Thursday, 10 November 2022

Ceisteanna Eile - Other Questions

Tax Code

11:30 am

Photo of Paschal DonohoePaschal Donohoe (Dublin Central, Fine Gael) | Oireachtas source

I propose to take Questions Nos. 97, 146 and 159 together.

This new charging mechanism was legislated for in 2019. It is not a result of anything that was contained in this budget or the current Finance Bill. We indicated in 2019 that these changes were to come in. I appreciate why the Deputy is raising this matter and the impact it may have on some of his constituents. I recognise that. However, this is a change that has been very clearly flagged over a number of years now, recognising that it could well create a cost, in particular to company car users who are using their cars as a very important part of their daily business, for example, sales representatives or people who need to use their cars to visit customers. This measure has been indicated now for a number of years and is not due to any changes that are contained in this budget.

Government policy has focused on strengthening the environmental rationale behind company car taxation. Until the changes I brought in as part of the Finance Act 2019, Ireland’s vehicle benefit-in-kind, BIK, regime was unusual in that there was no overall CO2rationale in the regime. This is despite the fact that a CO2-based vehicle BIK regime was legislated for as far back as 2008.

In the Finance Act 2019, I legislated for a CO2-based regime for company cars from 1 January 2023. From that date, the amount taxable as BIK remains determined by the car’s original market value and the annual business kilometres driven, while new CO2emissions-based bands will determine whether a standard, discounted or surcharged rate is taxable. The number of mileage bands has been reduced from five to four.

The rationale behind the mileage bands is that the greater the business mileage, the more the car is a benefit to the company rather than its employee, and the more the car depreciates in value, the less of a benefit it is to the employee as the asset from which the benefit is derived is depreciating faster. Mileage bands also ensure that cars more integral to the conduct of business receive preferential tax treatment.

Reforming the BIK system to include emissions bands provides for a more sustainable environmental rationale than the continuation of the current system with exemptions for electric vehicles, EVs.

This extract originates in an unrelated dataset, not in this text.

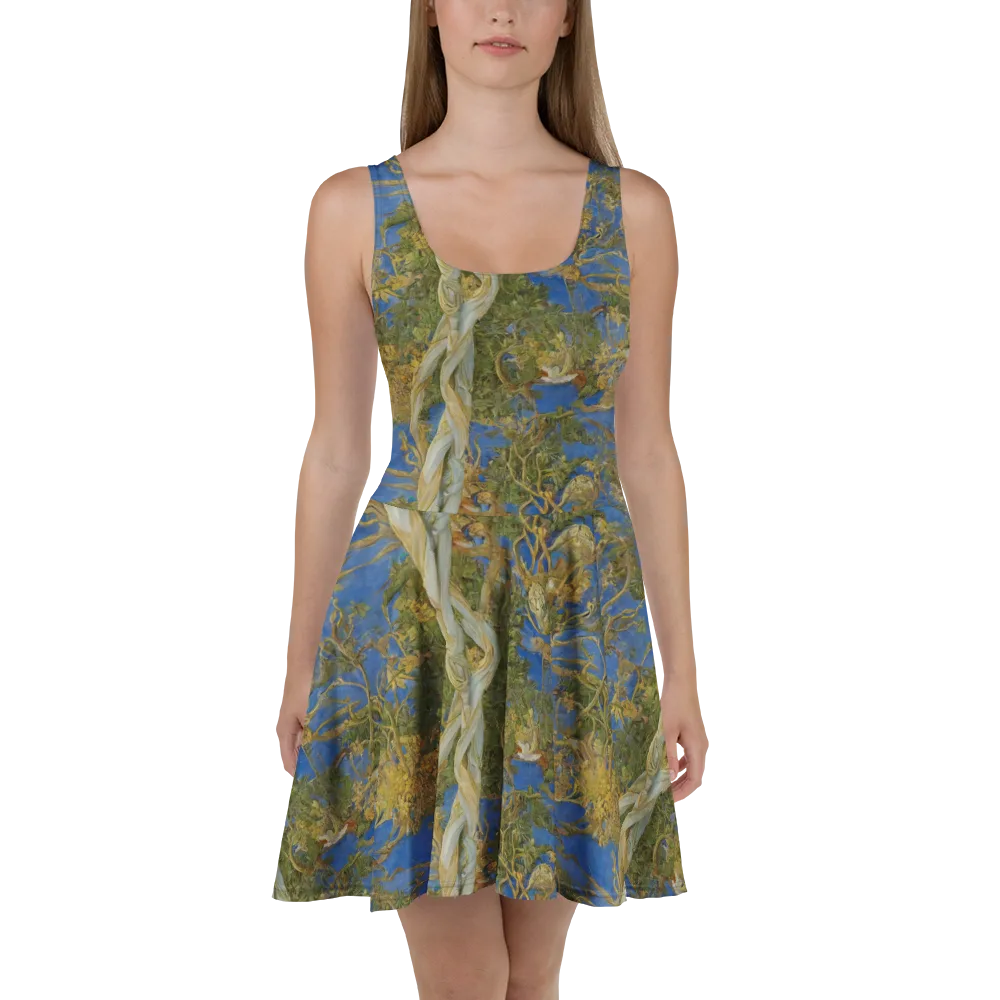Azure Vine Sonata on Skater Dress — Front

This will bring the taxation system around company cars into step with other CO2-based motor taxes as well as the long-established CO2-based vehicle BIK regimes in other member states.

In addition to what I have outlined and in light of Government commitments on climate change, budget 2022 extended the preferential BIK treatment for electric vehicles to the end of 2025 with a tapering mechanism on the vehicle value threshold. This BIK exemption forms part of a broader series of very generous measures to support the uptake of EVs, including a reduced rate of 7% vehicle registration tax, VRT, a VRT relief of up to €5,000, low motor tax of €120 per annum, Sustainable Energy Authority of Ireland grants, discounted toll fees, and 0% BIK on electric charging.

I appreciate the importance of the point the Deputy is making but I ask him to consider that this measure has been flagged over a number of years. My concern, given the importance of this measure in changing the carbon emissions from our private car fleet, is that if we were to indicate at this point that it is not going to happen, I am not sure whether or when it would happen. I believe many other companies have now made investment decisions in anticipation of these changes coming in.